Records from a dataset:
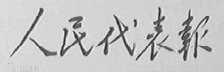 人民代表报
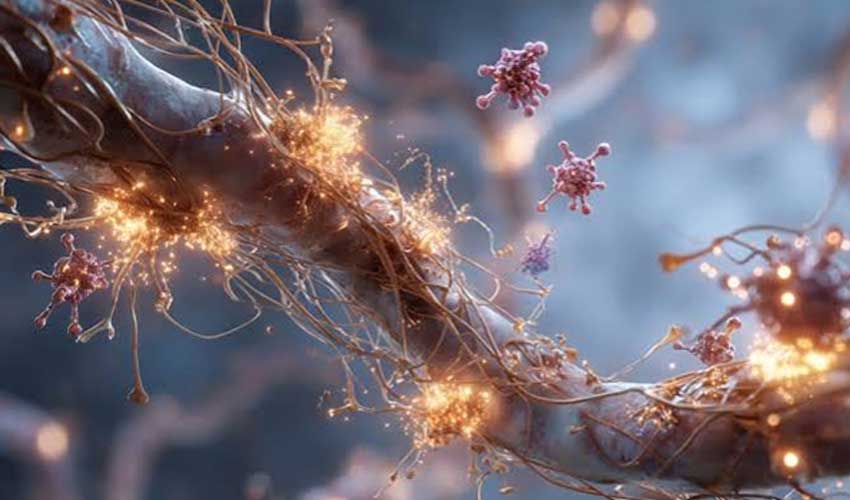 Ageing weakens brain’s protective blood barrier: Study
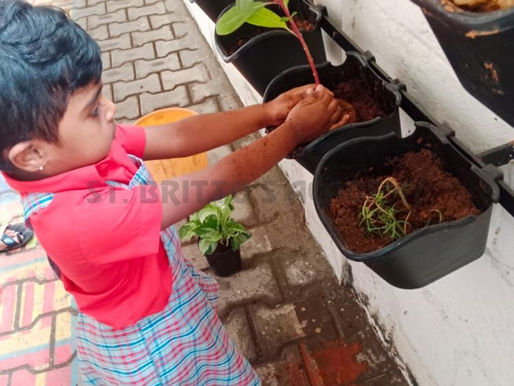 Plantation Drives – Nurturing Nature, Nurturing Minds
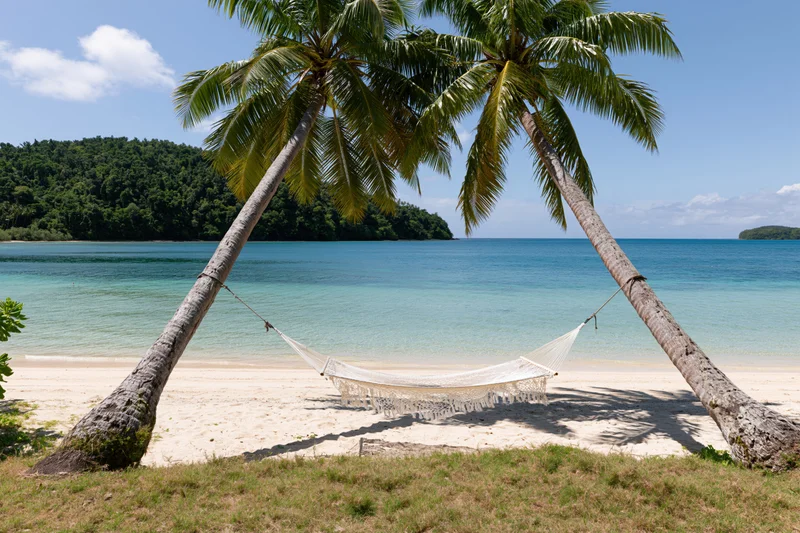 White hammock strung between two palm trees on a sandy beach overlooking turquoise ocean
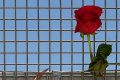 A rose on the fencing of the bridge at Granville.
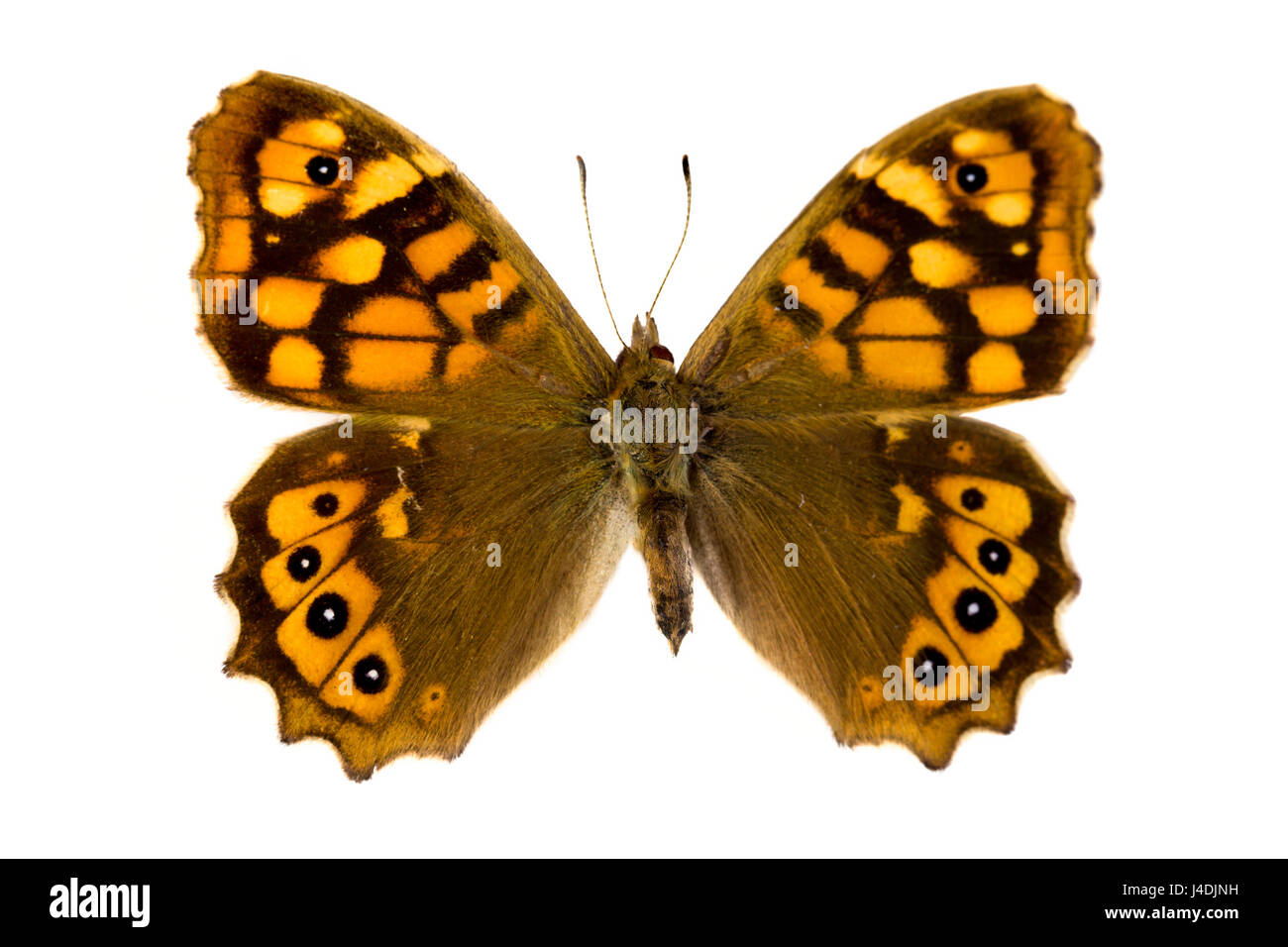 Pararge aegeria aegeria butterfly or Speckled Wood in English, originating from France Stock Photo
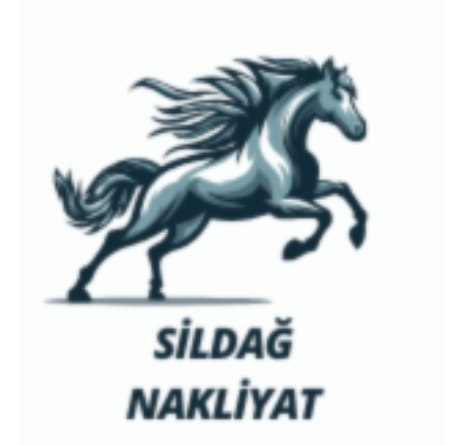 Sildağ evden eve nakliyat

--- Task description ---
The records above should be repeated exactly, with every picture omitted.

--- Output below ---
 人民代表报
 Ageing weakens brain’s protective blood barrier: Study
 Plantation Drives – Nurturing Nature, Nurturing Minds
 White hammock strung between two palm trees on a sandy beach overlooking turquoise ocean
 A rose on the fencing of the bridge at Granville.
 Pararge aegeria aegeria butterfly or Speckled Wood in English, originating from France Stock Photo
 Sildağ evden eve nakliyat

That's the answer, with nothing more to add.